The simulations reconcile experimental observations of reduced quantum yield and longer excited-state lifetimes in methanol with mechanistic insight: persistent hydrogen bonds between methanol and the rotor's H-bonding sites (carbonyl oxygen and amino hydrogen) impede rotor motion near conical intersection regions, biasing trajectories to return to reactants. The correlation between shorter solvent–solute H-bond distances and unproductive outcomes supports a causal role of H-bond pinning in lowering Φiso. Targeted chemical modification that suppresses solvent H-bonding at the amino site (N-methylation) selectively improves the ZP → EP step’s quantum efficiency without degrading overall operation, illustrating a practical design handle to mitigate solvent friction. Slight reductions in unidirectionality and increased latency/friction in the modified motor indicate trade-offs that can be balanced in future designs. Overall, the findings extend design rules for photon-only 2-stroke LDRMs by explicitly accounting for solvent-mediated interactions, suggesting that minimizing protic H-bonding environments or blocking H-bonding sites can enhance performance in solution.

The work identifies solvent hydrogen bonding as a key factor reducing photoisomerisation quantum efficiency of the photon-only MTDP motor in methanol. By methylating the amino nitrogen (MMTDP), the ability to form solvent H-bonds is reduced, leading to a ~40% increase in Φiso for the ZP → EP step (0.43 → 0.60) while maintaining the EP → ZP Φiso. The study proposes extended engineering rules: (1) ensure axial rotation by tuning heterolytic vs homolytic axle bond breaking to access favorable conical intersection topographies; (2) eliminate THI steps by introducing a chiral strained unit and reducing fjord steric strain; (3) minimize solvent H-bonding to the motor (by molecular design and/or solvent choice). The modification may also provide a practical tethering point (“harness”) for device integration without compromising efficiency.

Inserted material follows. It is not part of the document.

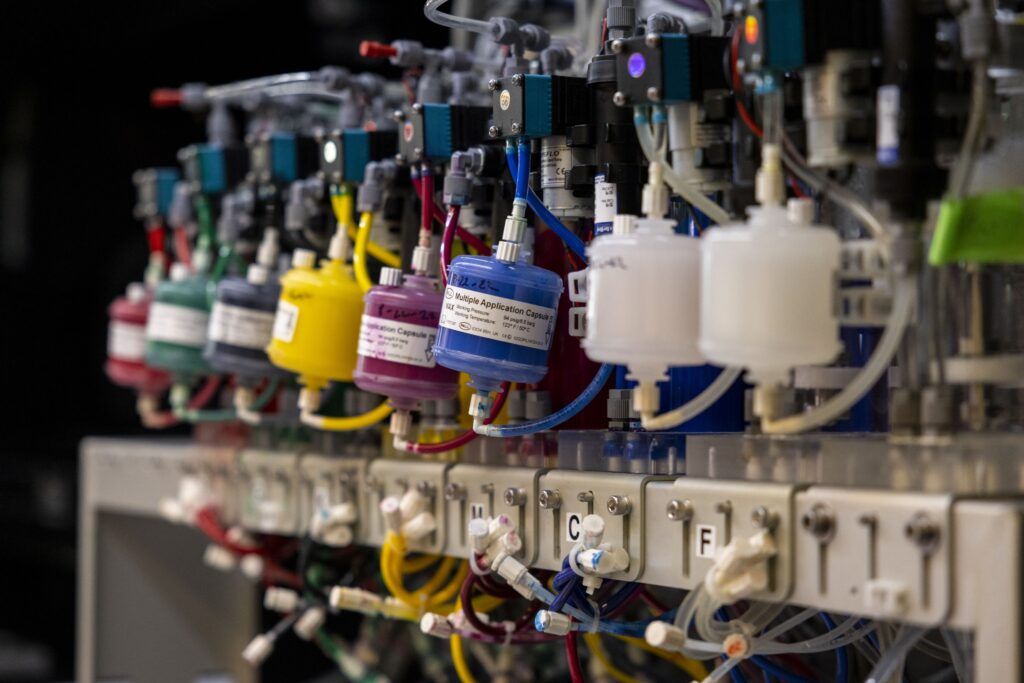 A closeup of the mechanics for a machine to dye fabric. There are several small plastic containers, each a different color, attached to tubes and labeled with singular letters.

Future work should explore aprotic solvents (e.g., acetonitrile), further analyze frictional effects and the origin of the lower EP → ZP Φiso in MMTDP, and expand statistical sampling for more precise estimates.

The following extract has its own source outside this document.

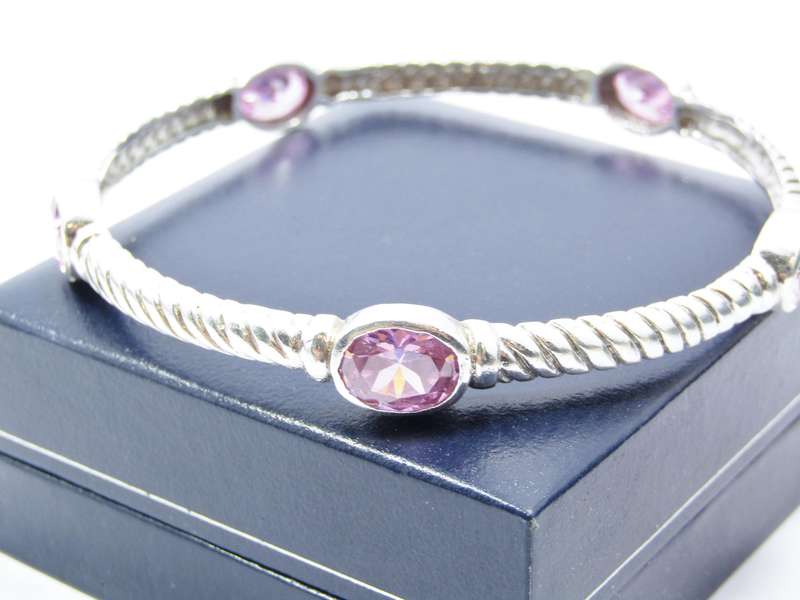 A Gorgeous Weight Pink Stone Bangle in Sterling Silver.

• Finite sampling: 30 trajectories per photostep limit statistical power; bootstrapping mitigates but does not eliminate sampling uncertainty. • Finite solvent model: a methanol droplet (906 molecules) necessitated restricting simulation times (≤ 4–5 ps) to avoid boundary effects, potentially affecting long-time energy dissipation. • Methodological constraints: results rely on SSR with BH&HLYP/6-31G* within QM/MM and SHXF; while validated for similar systems, functional-dependent limitations are noted in related protonated Schiff base studies. • Solvent scope: only methanol (polar protic) was investigated; results may differ in aprotic or less H-bonding solvents. • Mechanistic ambiguities remain: the precise cause of unchanged EP → ZP Φiso in MMTDP and the impact of intramolecular C–H···O interactions require further simulations; slight losses in unidirectionality and the role of initial solvent-imparted momenta are not fully resolved.